Her presentation, titled “God, Humor and Humanity: From ‘The Iliad’ to ‘The Onion,’” explored different ways humor can be found in the Bible and in popular culture about religion, and how that humor affects the relationship between humans and God.
Houck told a joke to the audience.
One day, a teacher in a Sunday school classroom went up to a girl who was scribbling away at her table, and asked her what she was drawing.
“I’m drawing God,” the girl replied.
The teacher told her that nobody knew what God looked like.
“They will in a minute!” the girl said.
The audience burst into laughter.
Similarly to the girl drawing at the table, Houck said, humans also imagine a relationship with God, but through laughter.

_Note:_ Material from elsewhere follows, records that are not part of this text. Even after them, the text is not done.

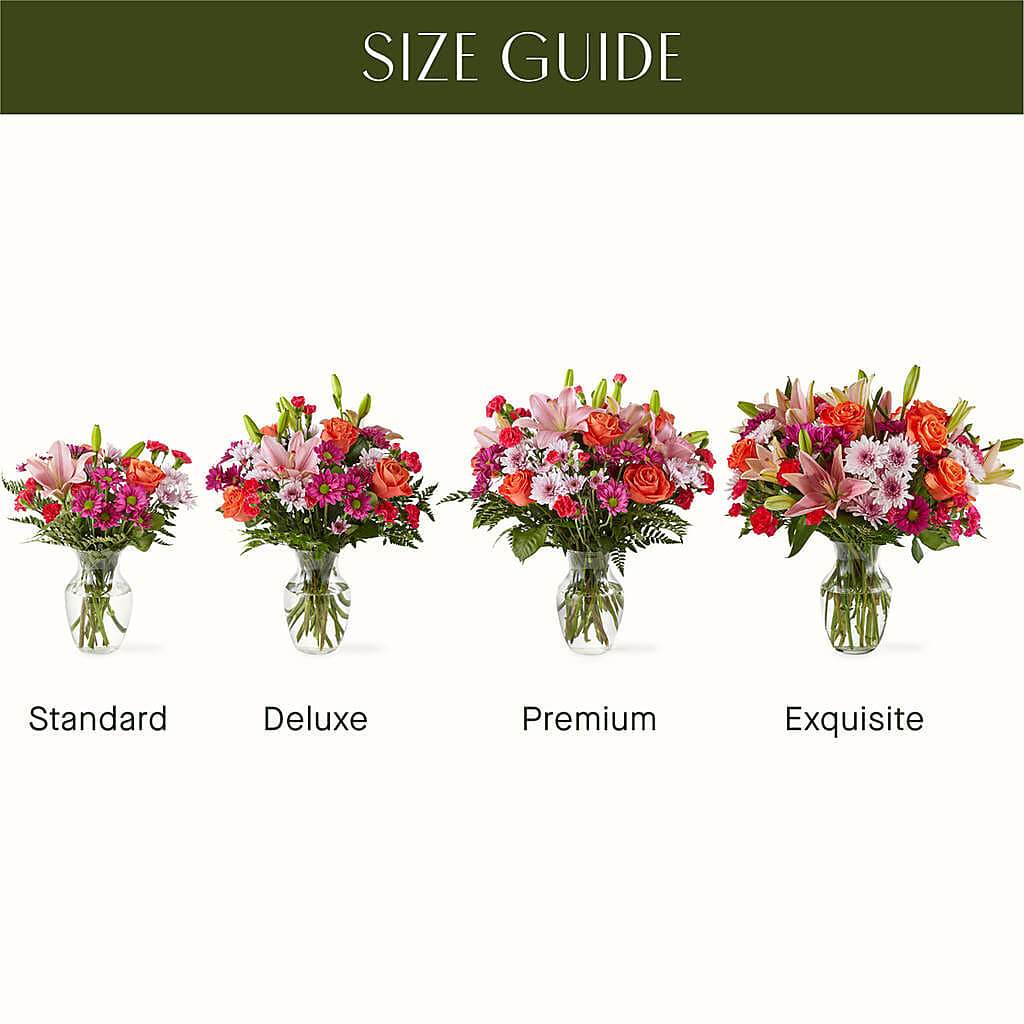 Light of My Life Bouquet –  Evergreen Flowers, Tucson AZ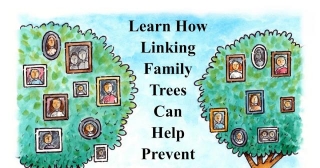 Connecting Family Trees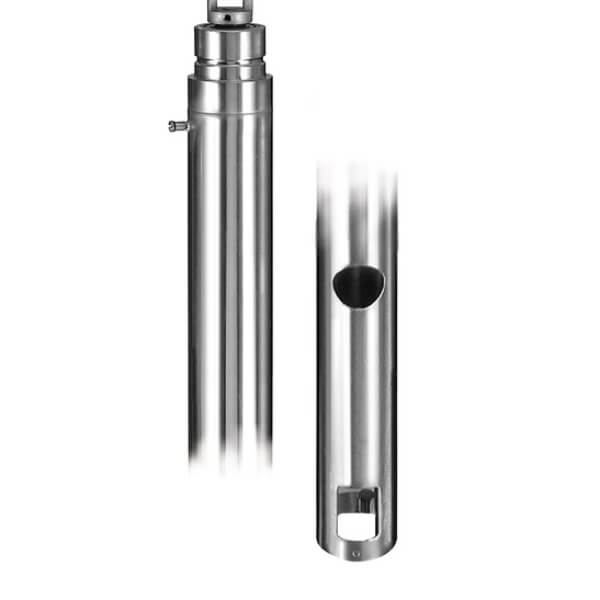 Mixer pentru butoaie - Seria TM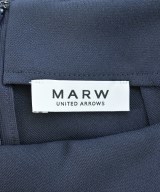 MARW UNITED ARROWS（マルゥユナイテッドアローズ）ロング・マキシ丈スカート 紺 サイズ:34(XS位) レディース/2200696062087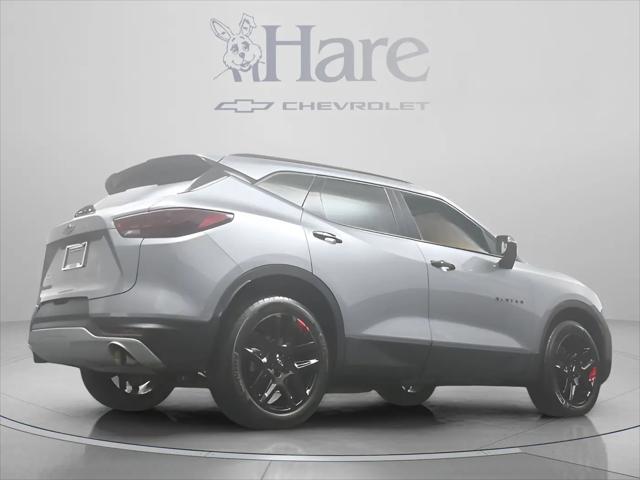 2024 Chevrolet Blazer FWD 3LT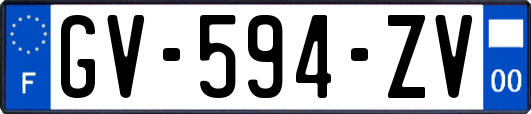 GV-594-ZV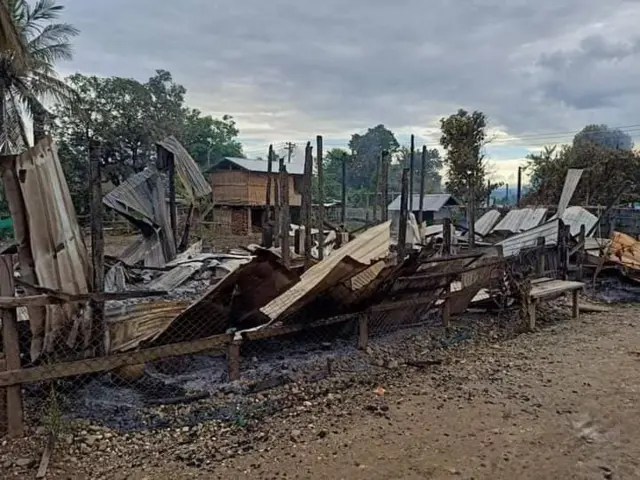 Sagaing, Magway, UNHRC,NUG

Even parodies of religion, according to Houck, help people imagine a relationship with the divine. Houck presented a news article from The Onion on the screen titled, “Blessings From God Burn Up Upon Entering Atmosphere,” with a picture of a burning comet headed towards the Earth.
The audience burst into laughter again.
Houck presented a slide from a cartoon of The Simpsons. She pointed out how God is always drawn with five fingers, while the other characters are always drawn with four. Houck mentioned one episode in particular, where God appeared to a character by speaking through a taco, something both strange but also relevant to the characters’ lives.
“Cartoons remind us to laugh with God, not just at God,” Houck said.